There are a variety of reasons you might want to watch a DVD while listening through a pair of headphones: You're on a plane, you need to be quiet while others sleep/work, or you've got a portable DVD player and no decent sound system to hook it up to. But there's also one big reason you wouldn't want to use headphones: no surround sound.

Dolby Laboratories hates to see a good surround track go to headphone waste (even if the movie is of questionable merit), and so announced last week that next month's DVD release of Pearl Harbor will be the first DVD to feature a special, limited edition "Dolby Headphone" bonus track.

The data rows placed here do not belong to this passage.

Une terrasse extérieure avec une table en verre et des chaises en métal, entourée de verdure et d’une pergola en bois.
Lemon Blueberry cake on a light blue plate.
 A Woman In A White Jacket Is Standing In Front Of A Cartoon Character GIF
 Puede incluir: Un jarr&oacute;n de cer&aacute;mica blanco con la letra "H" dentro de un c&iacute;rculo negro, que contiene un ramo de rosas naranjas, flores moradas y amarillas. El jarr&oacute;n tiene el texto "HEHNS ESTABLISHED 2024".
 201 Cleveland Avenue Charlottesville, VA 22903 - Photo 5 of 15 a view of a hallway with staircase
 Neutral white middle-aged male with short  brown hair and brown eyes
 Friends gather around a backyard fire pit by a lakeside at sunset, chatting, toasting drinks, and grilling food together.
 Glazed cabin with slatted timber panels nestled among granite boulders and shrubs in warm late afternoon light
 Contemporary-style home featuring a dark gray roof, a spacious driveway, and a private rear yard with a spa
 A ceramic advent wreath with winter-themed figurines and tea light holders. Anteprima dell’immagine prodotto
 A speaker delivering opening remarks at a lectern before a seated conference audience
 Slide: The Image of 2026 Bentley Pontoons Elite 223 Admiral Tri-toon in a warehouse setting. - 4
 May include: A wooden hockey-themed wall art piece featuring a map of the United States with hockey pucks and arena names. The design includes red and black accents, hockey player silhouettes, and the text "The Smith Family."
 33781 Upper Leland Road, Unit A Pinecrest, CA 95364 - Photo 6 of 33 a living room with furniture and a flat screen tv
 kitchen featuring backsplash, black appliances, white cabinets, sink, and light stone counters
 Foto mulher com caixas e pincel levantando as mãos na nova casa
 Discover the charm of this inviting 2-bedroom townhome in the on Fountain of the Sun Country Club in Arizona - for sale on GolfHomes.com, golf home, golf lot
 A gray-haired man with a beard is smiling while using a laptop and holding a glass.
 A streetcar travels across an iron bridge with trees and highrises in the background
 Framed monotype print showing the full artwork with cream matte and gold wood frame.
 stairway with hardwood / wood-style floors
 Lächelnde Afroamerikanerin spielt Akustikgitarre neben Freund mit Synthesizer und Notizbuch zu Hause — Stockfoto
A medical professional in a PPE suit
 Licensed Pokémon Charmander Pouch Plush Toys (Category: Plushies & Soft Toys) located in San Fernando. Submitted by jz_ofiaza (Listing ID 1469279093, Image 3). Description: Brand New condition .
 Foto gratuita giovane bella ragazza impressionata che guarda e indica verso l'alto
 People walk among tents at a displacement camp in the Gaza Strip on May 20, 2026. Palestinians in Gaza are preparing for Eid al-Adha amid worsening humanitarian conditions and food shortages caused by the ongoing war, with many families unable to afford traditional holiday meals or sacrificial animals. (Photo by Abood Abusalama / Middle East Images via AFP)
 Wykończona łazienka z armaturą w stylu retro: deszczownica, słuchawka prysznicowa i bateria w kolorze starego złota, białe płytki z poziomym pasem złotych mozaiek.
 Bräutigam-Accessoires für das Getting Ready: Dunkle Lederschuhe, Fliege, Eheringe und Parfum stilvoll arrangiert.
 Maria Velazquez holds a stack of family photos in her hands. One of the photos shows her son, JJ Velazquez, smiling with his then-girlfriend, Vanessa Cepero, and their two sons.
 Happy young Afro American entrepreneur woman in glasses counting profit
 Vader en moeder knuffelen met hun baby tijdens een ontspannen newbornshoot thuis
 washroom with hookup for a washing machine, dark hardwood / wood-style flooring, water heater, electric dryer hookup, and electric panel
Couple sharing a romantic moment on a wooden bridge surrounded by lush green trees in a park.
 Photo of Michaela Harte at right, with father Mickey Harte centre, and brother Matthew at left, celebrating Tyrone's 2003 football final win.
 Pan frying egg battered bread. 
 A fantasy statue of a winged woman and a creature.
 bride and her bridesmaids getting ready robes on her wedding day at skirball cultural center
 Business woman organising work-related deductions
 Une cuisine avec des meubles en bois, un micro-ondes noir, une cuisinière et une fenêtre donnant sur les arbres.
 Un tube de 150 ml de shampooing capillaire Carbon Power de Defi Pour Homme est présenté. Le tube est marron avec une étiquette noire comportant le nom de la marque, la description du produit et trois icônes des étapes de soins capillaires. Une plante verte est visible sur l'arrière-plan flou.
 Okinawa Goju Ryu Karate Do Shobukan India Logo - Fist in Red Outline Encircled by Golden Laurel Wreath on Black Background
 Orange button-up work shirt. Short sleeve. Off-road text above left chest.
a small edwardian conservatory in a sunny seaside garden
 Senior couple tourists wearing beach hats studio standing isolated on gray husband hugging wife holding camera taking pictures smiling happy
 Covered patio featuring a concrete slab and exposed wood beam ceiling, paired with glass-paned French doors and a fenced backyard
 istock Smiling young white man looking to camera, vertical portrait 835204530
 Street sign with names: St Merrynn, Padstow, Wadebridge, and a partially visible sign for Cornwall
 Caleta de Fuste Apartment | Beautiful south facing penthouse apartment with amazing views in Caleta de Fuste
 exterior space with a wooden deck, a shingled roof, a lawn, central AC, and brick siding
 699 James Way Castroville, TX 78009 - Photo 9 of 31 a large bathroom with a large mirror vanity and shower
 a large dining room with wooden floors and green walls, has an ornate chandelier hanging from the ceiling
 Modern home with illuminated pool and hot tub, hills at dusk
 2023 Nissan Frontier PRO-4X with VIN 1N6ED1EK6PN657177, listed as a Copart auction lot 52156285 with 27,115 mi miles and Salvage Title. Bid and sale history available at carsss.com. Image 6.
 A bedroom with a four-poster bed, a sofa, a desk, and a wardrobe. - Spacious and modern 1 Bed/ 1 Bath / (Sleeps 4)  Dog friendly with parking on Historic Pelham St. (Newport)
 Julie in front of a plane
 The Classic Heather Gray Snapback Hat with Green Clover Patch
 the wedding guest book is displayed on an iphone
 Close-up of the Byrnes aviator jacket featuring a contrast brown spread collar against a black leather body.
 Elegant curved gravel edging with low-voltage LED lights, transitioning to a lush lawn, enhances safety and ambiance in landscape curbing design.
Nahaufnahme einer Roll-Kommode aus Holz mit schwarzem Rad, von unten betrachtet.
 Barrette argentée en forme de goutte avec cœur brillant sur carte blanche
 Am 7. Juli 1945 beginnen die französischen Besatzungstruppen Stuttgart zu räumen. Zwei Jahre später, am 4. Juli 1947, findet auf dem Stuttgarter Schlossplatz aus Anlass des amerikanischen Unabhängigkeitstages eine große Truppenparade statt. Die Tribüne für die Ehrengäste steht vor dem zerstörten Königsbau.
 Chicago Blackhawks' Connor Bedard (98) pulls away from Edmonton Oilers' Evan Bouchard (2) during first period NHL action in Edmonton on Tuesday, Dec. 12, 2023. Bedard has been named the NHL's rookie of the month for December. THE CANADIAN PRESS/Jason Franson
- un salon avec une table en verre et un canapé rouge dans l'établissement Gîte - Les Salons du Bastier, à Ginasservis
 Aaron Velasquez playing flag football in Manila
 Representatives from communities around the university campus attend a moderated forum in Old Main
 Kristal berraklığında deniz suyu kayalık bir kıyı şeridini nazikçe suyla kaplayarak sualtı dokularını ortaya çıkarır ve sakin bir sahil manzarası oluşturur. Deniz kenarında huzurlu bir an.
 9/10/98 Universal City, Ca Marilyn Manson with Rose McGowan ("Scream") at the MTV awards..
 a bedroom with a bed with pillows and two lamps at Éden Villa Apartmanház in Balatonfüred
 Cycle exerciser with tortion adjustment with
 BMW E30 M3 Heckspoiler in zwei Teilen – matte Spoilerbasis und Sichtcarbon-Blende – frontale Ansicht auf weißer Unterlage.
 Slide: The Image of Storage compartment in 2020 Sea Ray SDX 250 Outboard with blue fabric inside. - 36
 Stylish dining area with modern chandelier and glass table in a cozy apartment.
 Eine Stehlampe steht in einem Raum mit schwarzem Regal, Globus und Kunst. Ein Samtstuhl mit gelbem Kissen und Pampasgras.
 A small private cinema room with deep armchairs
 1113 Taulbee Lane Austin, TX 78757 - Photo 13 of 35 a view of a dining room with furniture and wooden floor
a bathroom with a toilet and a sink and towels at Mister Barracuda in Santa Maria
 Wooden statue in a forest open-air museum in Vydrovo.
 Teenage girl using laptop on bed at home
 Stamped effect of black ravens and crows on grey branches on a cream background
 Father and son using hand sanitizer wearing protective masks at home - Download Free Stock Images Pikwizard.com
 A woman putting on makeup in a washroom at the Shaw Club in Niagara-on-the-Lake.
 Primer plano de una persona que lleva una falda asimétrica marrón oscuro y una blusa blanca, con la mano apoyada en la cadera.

Dolby claims that the special headphone track will allow users to experience the multichannel audio experience of Pearl Harbor's 5.1-channel soundtrack over any pair of regular stereo headphones using any DVD player or receiver with a headphone jack. The company says that through a new signal-processing algorithm, Dolby Headphone generates a host of audio clues "modeled from real life, from which the listener's ears and brain derive a truly three-dimensional sound image." The company adds that stereo content sounds "richer and more spacious, as if it were being played over two speakers in a room," and multichannel audio programming is presented as if the listener were surrounded by a five-speaker home theater set-up.

Developed by Lake Technology and Dolby, the new process has already found its way into millions of computing products, including desktop and laptop computers, as well as DVD playback software says Dolby. The company says it is also licensing Dolby Headphone to consumer electronics manufacturers for use in almost any product that provides a stereo headphone jack, such as digital cable and satellite set-top boxes, VCRs, DVD-Video and DVD-Audio players, conventional and digital TV receivers, portable stereos, game consoles, A/V surround decoders and receivers, auto sound systems, and multimedia speaker systems.

Dolby's Brent Butterworth adds, "Soon we will see many consumer electronics products with Dolby Headphone processing built in, which will allow listeners to enjoy surround sound from any 5.1-channel source over any set of headphones."